Yesterday, Dianne Feinstein and Patrick Leahy bravely bucked the scaremongering by Republicans and too many of their own Dems to strongly back the use of civilian trials for 9/11 suspects. The Intelligence and Judiciary chairs wrote to the president to "express full support for civilian trials for terrorists."
And they’re also trying to forestall any effort by congressional Republicans to compel trials in military commissions. "Congress should not tie the hands of our national security and law enforcement agencies, but should instead ensure they have the flexibility to use every means available," Feinstein and Leahy wrote. "Congress should be working with you in a shared mission to most effectively protect our national security and to ensure that just convictions, once obtained, will be sustained and upheld."
The president and his Attorney General, Eric Holder, need to heed the advice of these Senators. In an interview with WaPo today, Holder indicated he might be leaning toward giving up on civilian trials.
"At the end of the day, wherever this case is tried, in whatever forum, what we have to ensure is that it’s done as transparently as possible and with adherence to all the rules," Holder said. "If we do that, I’m not sure the location or even the forum is as important as what the world sees in that proceeding."
What the world should see is the vaunted system of American justice at work--that system that has already secured the convictions of hundreds of terrorists and the few convictions through military commissions have been relative failures, as Daphne Eviatar argued in a diary here yesterday.
[T]he federal courts are no bed of roses for terrorists. They have convicted many more terrorists than military commissions have. And following the only contested military commission trial since the start of the "war on terror," Osama bin Laden's driver, who the government claimed was a key player in the global jihadist's murderous efforts, was sentenced to only five and a half years in prison - just six months more than the time he'd already served....
Back then, the National Review's Andy McCarthy, the former prosecutor who now argues for military interrogation, trial and detention for all terrorism suspects, wrote a piece titled: "Disgraceful Hamdan Sentence Calls Military Commissions Into Question."
That was 2008.
Just last week, McCarthy wrote that "Like most Americans, I think it is a terrible idea to give alien enemy combatants civilian trials." Our usual procedures for handling criminal terrorism cases no longer need to be followed, because now we are at war, he says, so anything goes. Although the same critics making this argument today never pressed that position during the Bush administration, it's now become accepted wisdom among those eager both to discredit the Obama administration and to appear tough on terror that terrorism suspects belong nowhere near the civilian justice system.
It's an odd position for these critics to take, given the track record of the military commissions. Military commissions have convicted only three terrorists since they were created. Two of them have already been released from prison. The other didn't even present a defense at his trial.

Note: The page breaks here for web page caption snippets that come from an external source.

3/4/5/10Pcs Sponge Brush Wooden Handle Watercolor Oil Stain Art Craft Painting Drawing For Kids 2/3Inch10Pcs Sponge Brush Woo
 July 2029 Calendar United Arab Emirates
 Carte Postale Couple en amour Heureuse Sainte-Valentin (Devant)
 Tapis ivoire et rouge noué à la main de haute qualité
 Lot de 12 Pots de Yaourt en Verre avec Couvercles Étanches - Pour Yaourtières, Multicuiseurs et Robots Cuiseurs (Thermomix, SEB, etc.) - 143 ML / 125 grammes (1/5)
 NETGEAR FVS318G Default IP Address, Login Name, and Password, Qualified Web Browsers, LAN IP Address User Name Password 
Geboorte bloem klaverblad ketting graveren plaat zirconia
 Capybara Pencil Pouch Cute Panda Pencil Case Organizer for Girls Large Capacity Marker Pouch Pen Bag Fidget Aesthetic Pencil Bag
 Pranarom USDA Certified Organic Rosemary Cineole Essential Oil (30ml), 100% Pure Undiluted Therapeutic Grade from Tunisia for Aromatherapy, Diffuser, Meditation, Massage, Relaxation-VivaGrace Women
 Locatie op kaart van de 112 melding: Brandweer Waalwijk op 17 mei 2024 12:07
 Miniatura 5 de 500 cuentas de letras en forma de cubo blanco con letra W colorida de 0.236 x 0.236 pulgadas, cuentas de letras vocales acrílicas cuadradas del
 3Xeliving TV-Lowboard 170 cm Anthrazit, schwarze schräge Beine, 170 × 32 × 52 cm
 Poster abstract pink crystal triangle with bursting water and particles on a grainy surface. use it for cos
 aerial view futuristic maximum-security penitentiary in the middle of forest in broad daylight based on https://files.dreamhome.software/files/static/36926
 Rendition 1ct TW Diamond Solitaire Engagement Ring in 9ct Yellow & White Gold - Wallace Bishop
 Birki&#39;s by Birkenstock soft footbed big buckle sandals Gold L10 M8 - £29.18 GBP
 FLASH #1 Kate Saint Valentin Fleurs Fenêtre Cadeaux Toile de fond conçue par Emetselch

What's more, in a military commission, conviction on charges like "conspiracy" and "material support for terrorism," the most common charges against suspects who haven't personally launched an attack, could be reversed on appeal, since those haven't traditionally been considered war crimes. Or, as in the Hamdan case, they might just draw a far lighter sentence. Even the administration's own lawyers have expressed doubts about the validity of such charges in military commissions. In federal court, such charges are routine - and frequently the way prosecutors win convictions.
Tom Malinowski, Washington director of Human Rights Watch, has more at Foreign Policy
As the U.S. Congress threatens to block funds for Khalid Sheikh Mohammed's (KSM's) civilian trial, critics of President Barack Obama's approach to prosecuting terrorism have a common refrain: KSM is a combatant, not a criminal. As Sen. John Barrasso recently put it, "These people are at war against the United States and our values. They deserve a military judge and jury."
But does KSM really "deserve" the honor of a military trial? That is a privilege normally reserved for defendants entitled to call themselves warriors....
It makes sense that a man who plotted the murder of innocent people from a refuge thousands of miles away would want to be seen as a soldier in a war. But why would politicians who claim to be tough on terrorism want to give him that status, as many Republicans do today? Why on earth do they think that facing justice in a civilian court, where the United States prosecutes murderers, rapists, drug dealers, pimps, and yes, terrorists (over 300 during George W. Bush's presidency), would be some sort of privilege?
This is the most destructive of political games--the deliberate undermining of the American system of justice to score political points over the administration in the effort to keep the "weak on terror" meme going. Civilian courts are more than capable of trying these cases. What's more, putting and keeping these cases in the civilian court system forces our intelligence and defense services to follow the rule of law--building a case that will hold up in the courts means no torture, no coercion, no forced confessions. No wonder the civilian courts are Cheney's biggest nightmare.